The accidental or negligent extinction of a domestic hearth fire represented a failure of domestic and religious care for the family; failure to maintain Hestia's public fire in her temple or shrine was a breach of duty to the broad community. A hearth fire might be deliberately, ritually extinguished at need; but its lighting should be accompanied by rituals of completion, purification, and renewal, comparable with the rituals and connotations of an eternal flame and of sanctuary lamps. At the level of the polis, the hearths of Greek colonies and their mother cities were allied and sanctified through Hestia's cult. Athenaeus, in the Deipnosophistae, writes that in Naucratis the people dined in the Prytaneion on the birthday of Hestia Prytanitis.

Responsibility for Hestia's domestic cult usually fell to the leading woman of the household, although sometimes to a man. Hestia's rites at the hearths of public buildings were usually led by holders of civil office; Dionysius of Halicarnassus testifies that the prytaneum of a Greek state or community was sacred to Hestia, who was served by the most powerful state officials. However, evidence of her dedicant priesthood is extremely rare. Most stems from the early Roman Imperial era, when Sparta offers several examples of women with the priestly title "Hestia"; Chalcis offers one, a daughter of the local elite. Existing civic cults to Hestia probably served as stock for the grafting of Greek ruler-cult to the Roman emperor, the Imperial family, and Rome itself. In Athens, a small seating section at the Theatre of Dionysus was reserved for priesthoods of "Hestia on the Acropolis, Livia, and Julia", and of "Hestia Romain" ("Roman Hestia", thus "The Roman Hearth" or Vesta). At Delos, a priest served "Hestia the Athenian Demos" (the people or state) "and Roma". An eminent citizen of Carian Stratoniceia described himself as a priest of Hestia and several other deities, as well as holding several civic offices. Hestia's political and civic functions are further evidenced by her very numerous privately funded dedications at civic sites, and the administrative rather than religious titles used by the lay-officials involved in her civic cults.
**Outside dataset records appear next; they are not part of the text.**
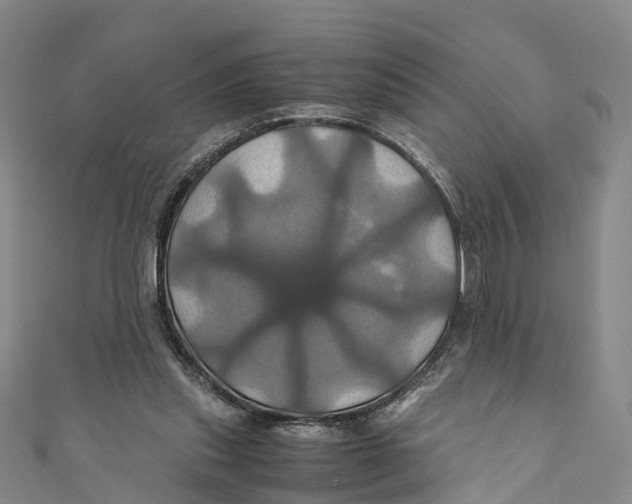 X0000110990253200907101437
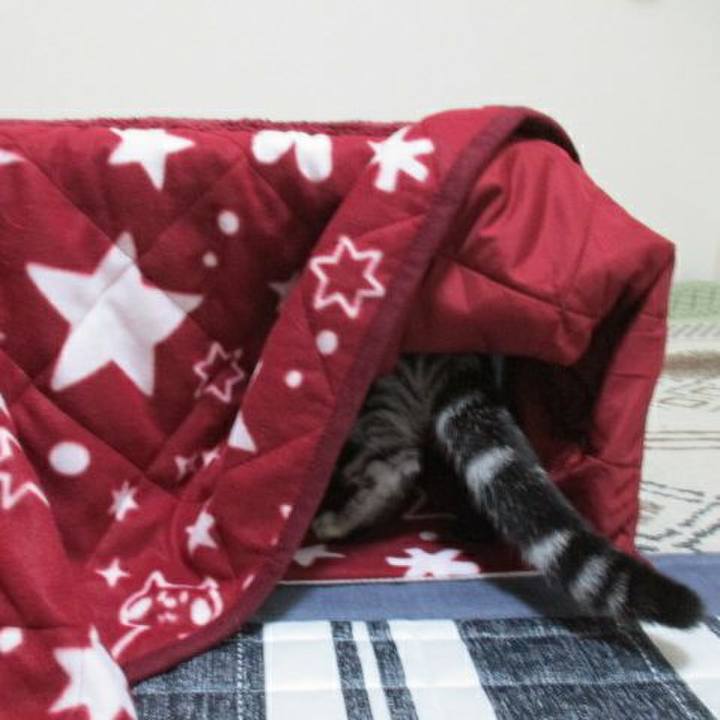 B245d38a 3722 4e63 b374 2eb0ed8826b5 1540082886592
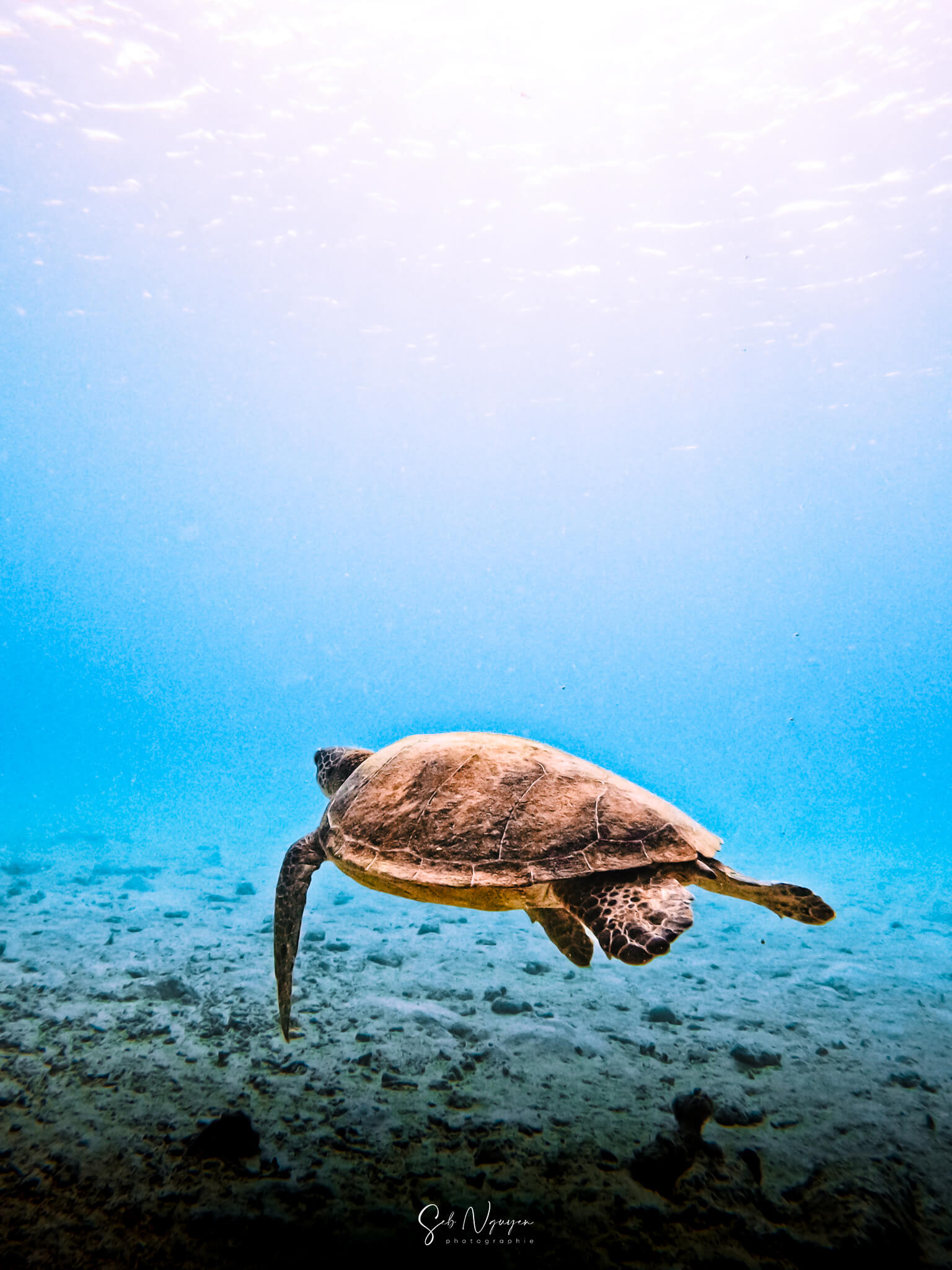 Dans la réserve – Ilot Signal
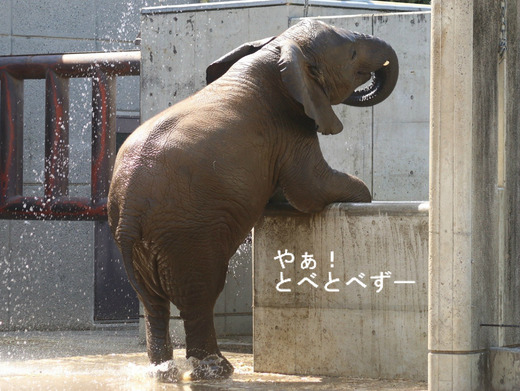 後足で立つアフリカゾウの子象の砥愛ちゃん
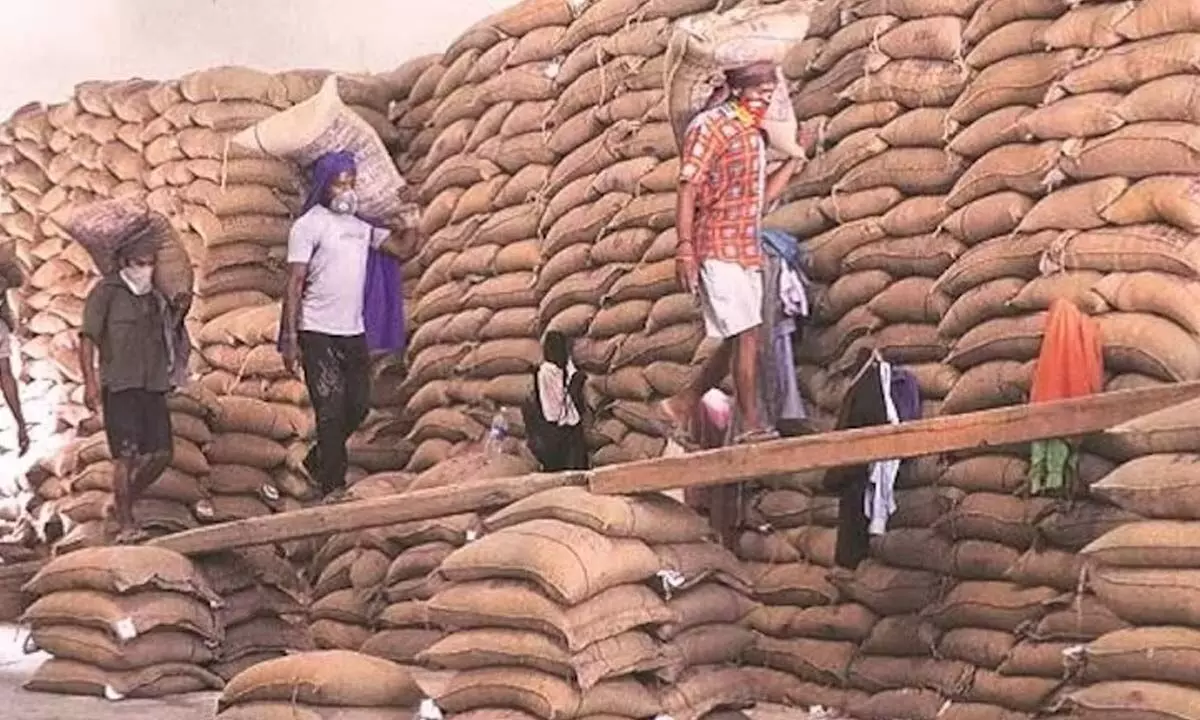 Study says Tons of Anna Bhagya rice wasted due to improper storage facility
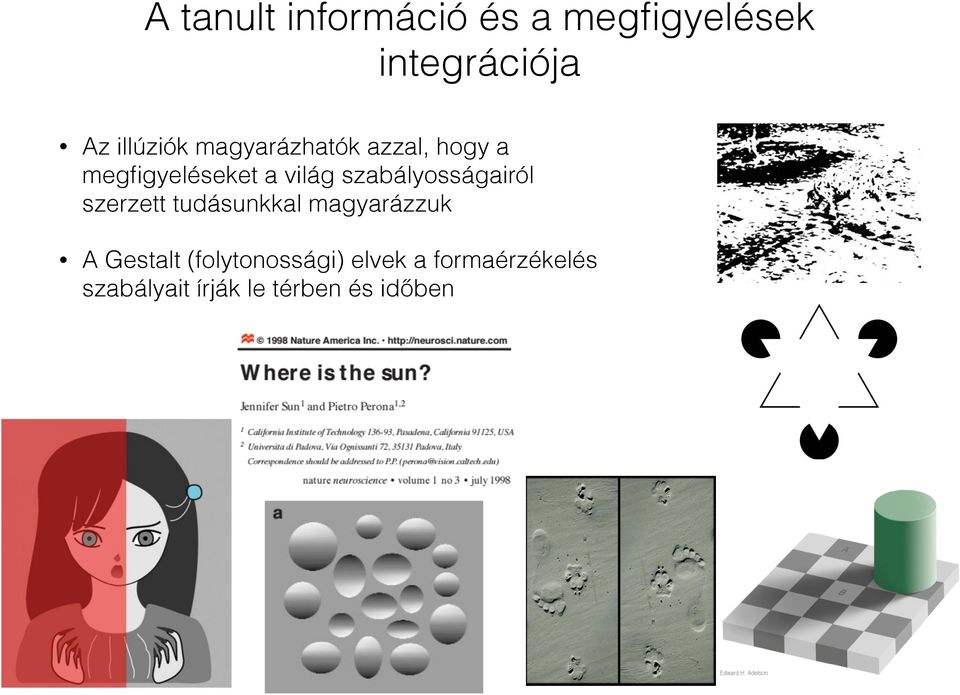 szabályosságairól szerzett tudásunkkal magyarázzuk A Gestalt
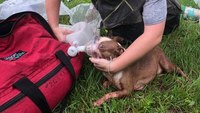 Fla. FFs rescue pups after delivery driver spots smoke coming from a home, calls 911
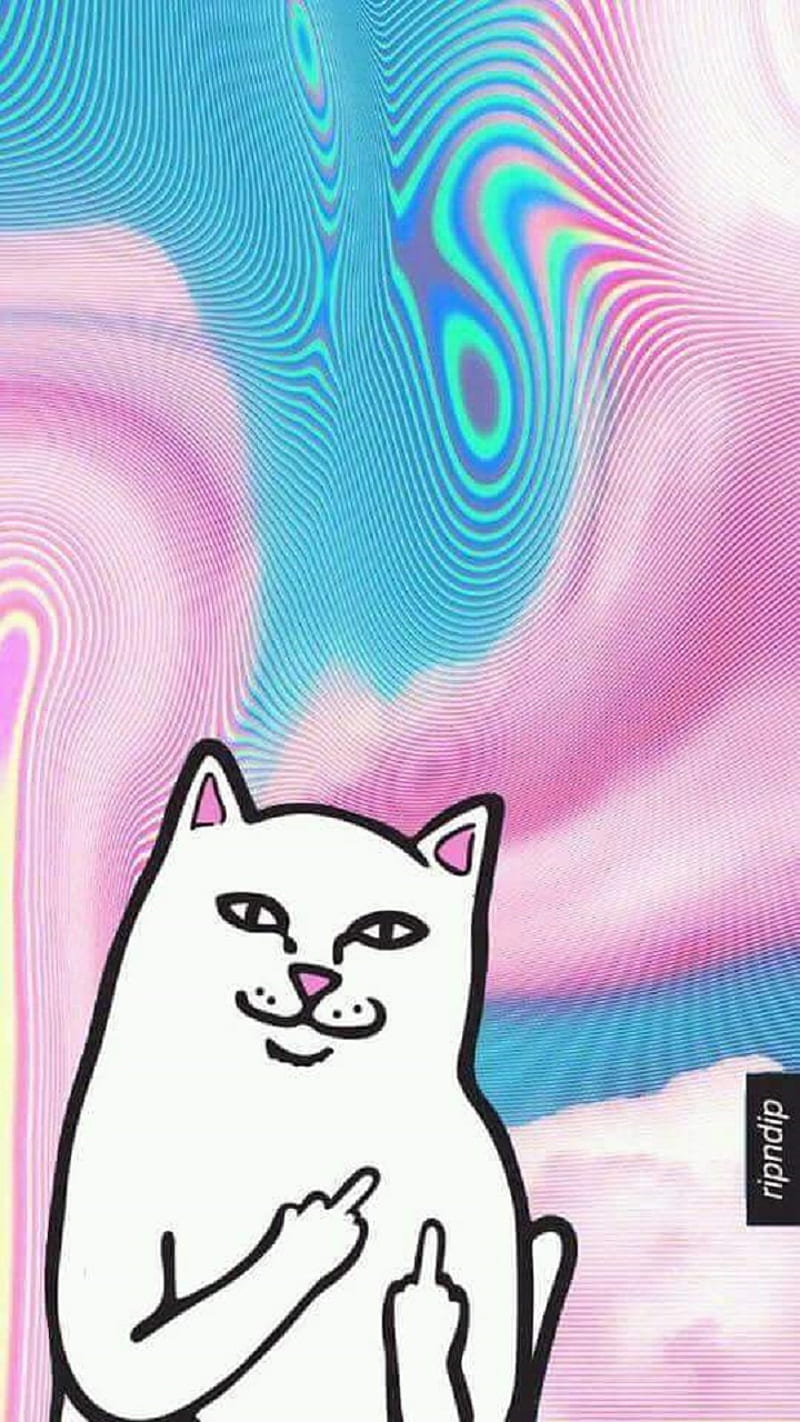YOLOcat, cat, yolo, HD phone wallpaper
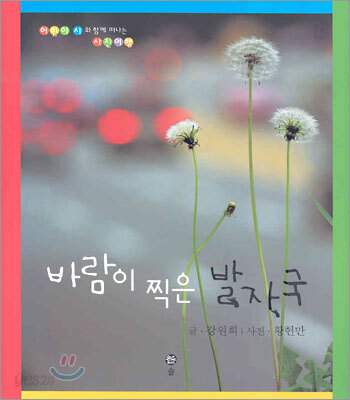 바람이 찍은 발자국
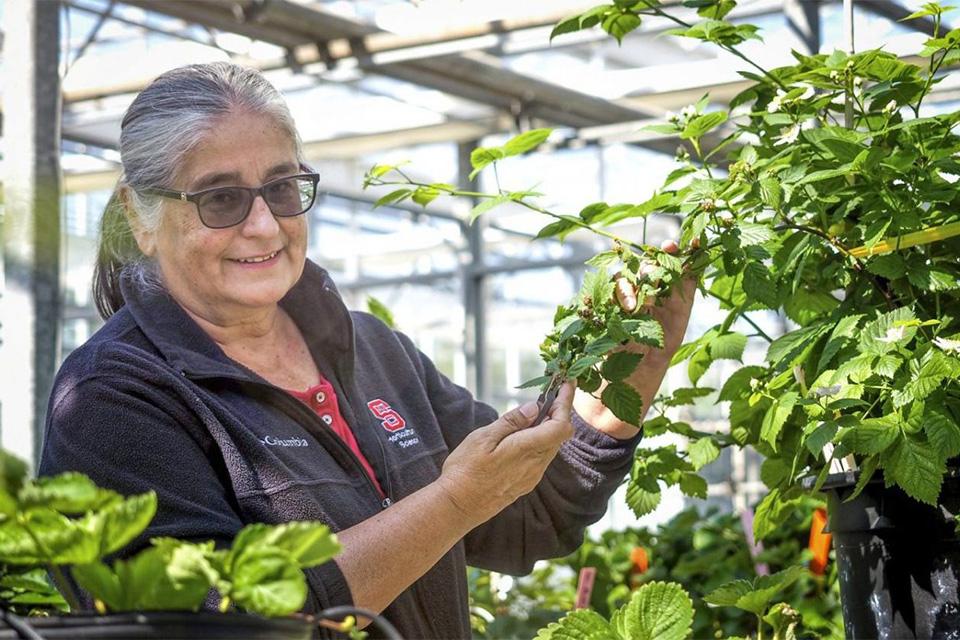 Small fruit specialist Gina Fernandez
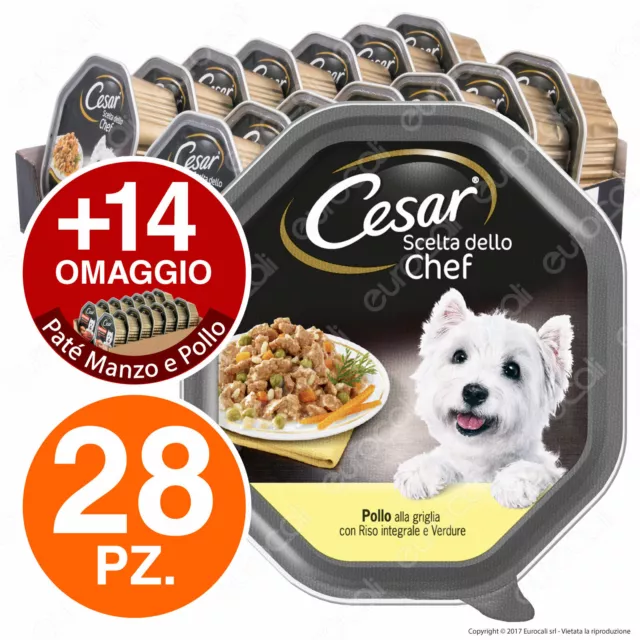 Cesar Scelta dello Chef Cibo per Cani Pollo Riso Verdure - 42 Vaschette da 150g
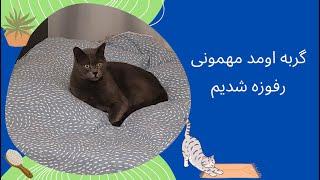 نگهداری گربه خانگی  British Shorthair Cat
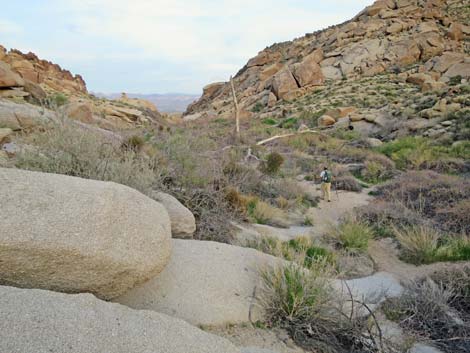 Grapevine Canyon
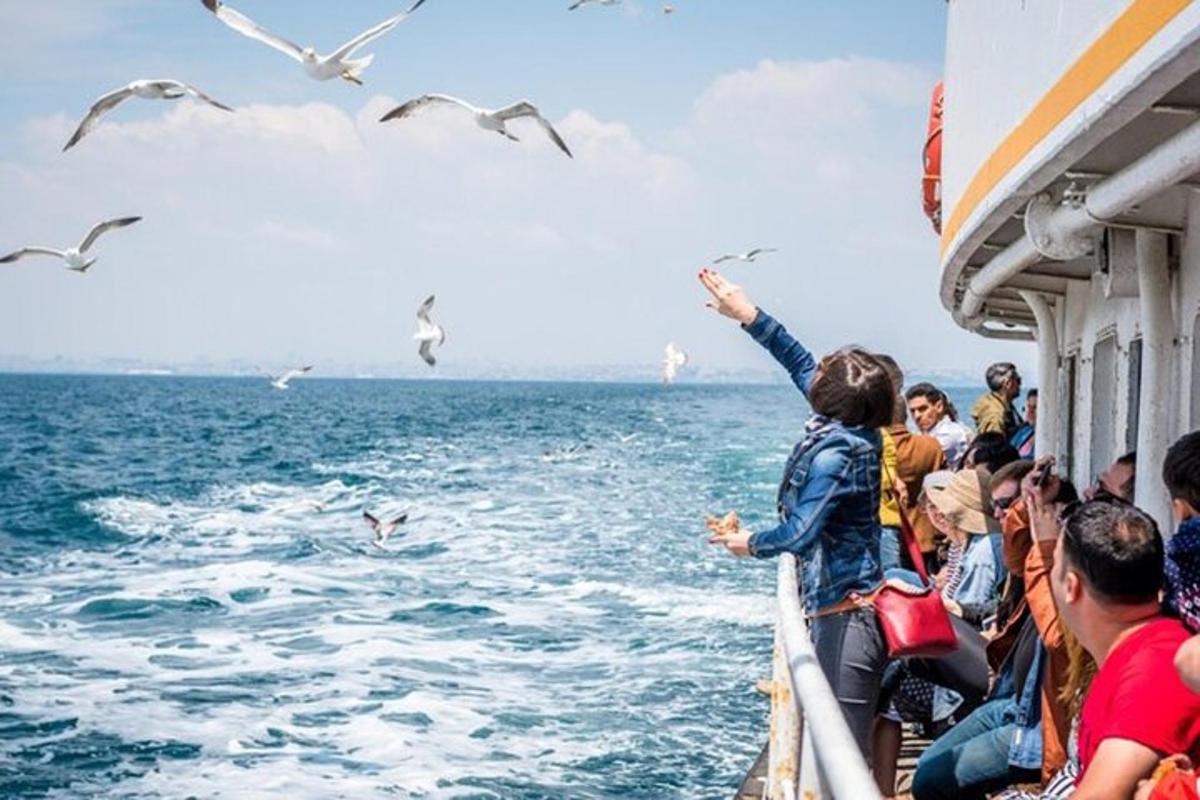 μια ομάδα ανθρώπων σε μια βάρκα που κοιτάζει πουλιά στο νερό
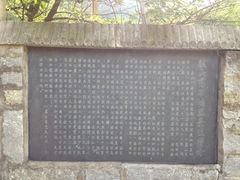 景点-东林大峡谷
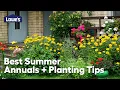 Planting Tips for Summer Annuals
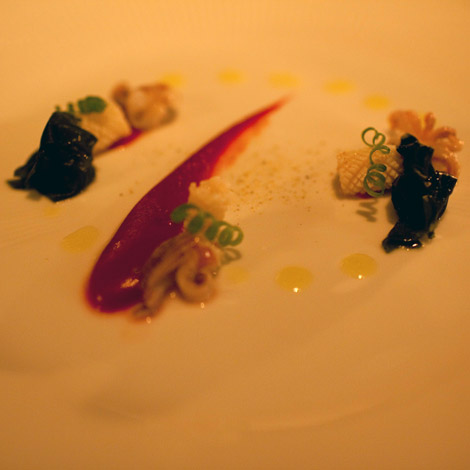 Dom-Atala-Brasile-1-calamari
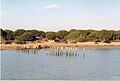 Stone pines in Doñana National Park, Spain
Shrines, temples and colonies 
Every private and public hearth was regarded as a sanctuary of the goddess, and a portion of the sacrifices, to whatever divinity they were offered, belonged to her. Aeschines, On the Embassy,
declares that "the hearth of the Prytaneum was regarded as the common hearth of the state and a statue of Hestia was there, and in the senate-house there was an altar of the goddess." A temple at Ephesus was dedicated to Hestia Boulaea - Hestia "of the senate", or boule. Pausanias reports a figurative statue of Hestia in the Athenian Prytaneum, together with one of the goddess Eirene ("Peace"). Hestia offered sanctuary from persecution to those who showed her respect and would punish those who offended her. Diodorus Siculus writes that Theramenes sought asylum directly from Hestia at the Council Chamber, leaping onto her hearth not to save himself, but in the hope that his slayers would demonstrate their impiety by killing him there".

Very few free-standing temples were dedicated to Hestia. Pausanias mentions one in Ermioni and one in Sparta, the latter having an altar but no image. Xenophon's Hellenica mentions fighting around and within Olympia's temple of Hestia, a building separate from the city's council hall and adjoining theatre: A temple to Hestia was in Andros.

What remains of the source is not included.